Les ménages suisses sont les plus fortunés d’Europe, mais aussi les plus endettés. Comme je l’ai dit, les dettes hypothécaires avoisinent 1000 milliards de francs, soit près d’une fois et demie le PIB. Pour réduire les risques sur le marché hypothécaire, la Finma a durci en 2012 déjà les exigences pour les financements hypothécaires de logements en propriété. En effet, l’effondrement de ce marché serait catastrophique.

Quelles en seraient les conséquences ?

Nous assisterions à des ventes forcées, ce qui n’est dans l’intérêt de personne, car le propriétaire perd alors généralement son logement et la banque se retrouve soudainement propriétaire d’immeubles. Mais nous n’en arriverons à mon avis pas là. Les taux d’intérêt sont bas et la demande de biens liquides restera forte après la fin de la pandémie, de sorte que les prix de l’immobilier ne fléchiront pas. Les taux bas garantissent également que les débiteurs hypothécaires pourront continuer à honorer leurs dettes même si leurs revenus diminuent et qu’il ne sera pas nécessaire de réévaluer prématurément leur propriété.
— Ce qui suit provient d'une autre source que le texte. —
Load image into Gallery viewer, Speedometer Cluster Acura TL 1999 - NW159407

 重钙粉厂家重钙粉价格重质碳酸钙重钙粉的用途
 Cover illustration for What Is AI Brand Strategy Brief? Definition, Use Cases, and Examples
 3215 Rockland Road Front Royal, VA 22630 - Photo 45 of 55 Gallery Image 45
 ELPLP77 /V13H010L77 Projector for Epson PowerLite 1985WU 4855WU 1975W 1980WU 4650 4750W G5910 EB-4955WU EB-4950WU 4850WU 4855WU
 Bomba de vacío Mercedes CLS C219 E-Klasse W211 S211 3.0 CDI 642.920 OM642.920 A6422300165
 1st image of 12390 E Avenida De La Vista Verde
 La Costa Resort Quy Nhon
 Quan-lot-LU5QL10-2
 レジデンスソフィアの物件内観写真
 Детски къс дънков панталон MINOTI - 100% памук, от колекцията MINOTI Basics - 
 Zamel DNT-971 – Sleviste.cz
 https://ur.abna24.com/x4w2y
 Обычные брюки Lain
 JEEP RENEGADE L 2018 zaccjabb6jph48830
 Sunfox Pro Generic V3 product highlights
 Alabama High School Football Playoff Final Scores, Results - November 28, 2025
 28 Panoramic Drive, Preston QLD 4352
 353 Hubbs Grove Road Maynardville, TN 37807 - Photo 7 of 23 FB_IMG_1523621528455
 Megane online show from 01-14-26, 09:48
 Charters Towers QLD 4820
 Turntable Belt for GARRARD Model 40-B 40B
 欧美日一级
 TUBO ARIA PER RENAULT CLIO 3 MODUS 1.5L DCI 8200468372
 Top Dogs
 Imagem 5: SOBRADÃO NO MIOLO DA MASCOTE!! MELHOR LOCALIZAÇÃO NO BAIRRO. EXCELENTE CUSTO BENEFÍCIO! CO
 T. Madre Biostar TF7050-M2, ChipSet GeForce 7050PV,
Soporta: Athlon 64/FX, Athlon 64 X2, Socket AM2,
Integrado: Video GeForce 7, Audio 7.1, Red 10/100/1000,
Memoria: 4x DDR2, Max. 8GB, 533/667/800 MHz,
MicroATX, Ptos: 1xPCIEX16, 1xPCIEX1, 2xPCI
Proposition de citation: Tesar, Nicole (2020). « Le coronavirus est un poison pour le marché suisse de l’immobilier ». La Vie économique, 14. mai.

Donato Scognamiglio

Donato Scognamiglio (50 ans) est directeur et associé de la société de conseil immobilier Cifi. Sise à Zurich, l’entreprise emploie 100 collaborateurs à Zurich, Lausanne et en Asie. M. Scognamiglio a en outre été désigné par le Conseil fédéral comme représentant des débiteurs hypothécaires suisses au sein du conseil d’administration de la Banque des lettres de gage d’établissements suisses de crédit hypothécaire. Il donne également des cours sur l’immobilier à l’université de Berne, où il a obtenu son diplôme en économie publique et d’entreprise. Il vit avec sa famille dans le canton de Zurich.